What you need to do —
The entries below contain pictures. Write out only the lines from the line with "Womens Pumpkin Bat" up to and including the line with "Personalized Pool Signs", exactly, without them.

Data to process —
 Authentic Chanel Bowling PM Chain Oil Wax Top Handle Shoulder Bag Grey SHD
---
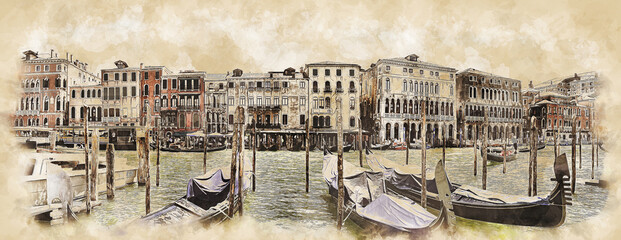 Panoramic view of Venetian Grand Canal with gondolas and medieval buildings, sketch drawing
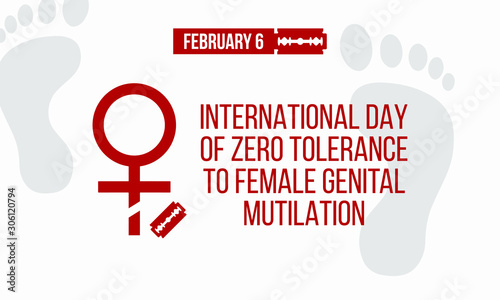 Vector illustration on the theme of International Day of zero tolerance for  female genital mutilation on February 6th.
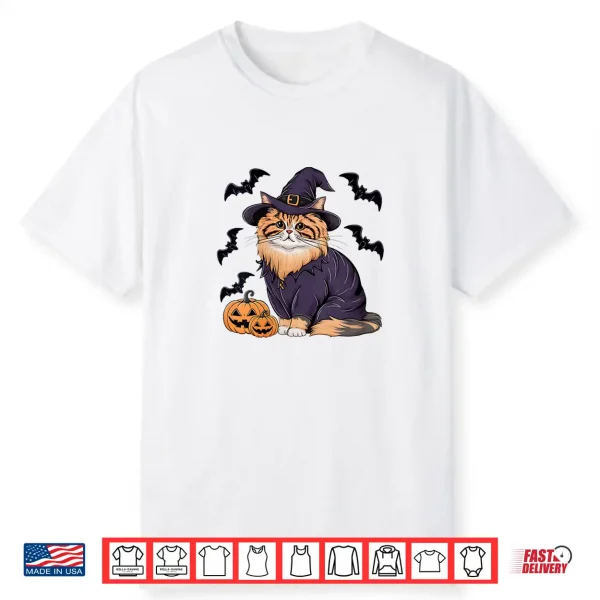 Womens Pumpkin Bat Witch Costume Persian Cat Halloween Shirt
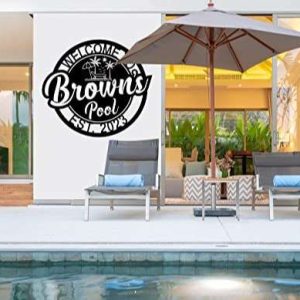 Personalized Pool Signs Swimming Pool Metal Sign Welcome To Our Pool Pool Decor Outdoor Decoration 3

Result of this exercise —
 Womens Pumpkin Bat Witch Costume Persian Cat Halloween Shirt
 Personalized Pool Signs Swimming Pool Metal Sign Welcome To Our Pool Pool Decor Outdoor Decoration 3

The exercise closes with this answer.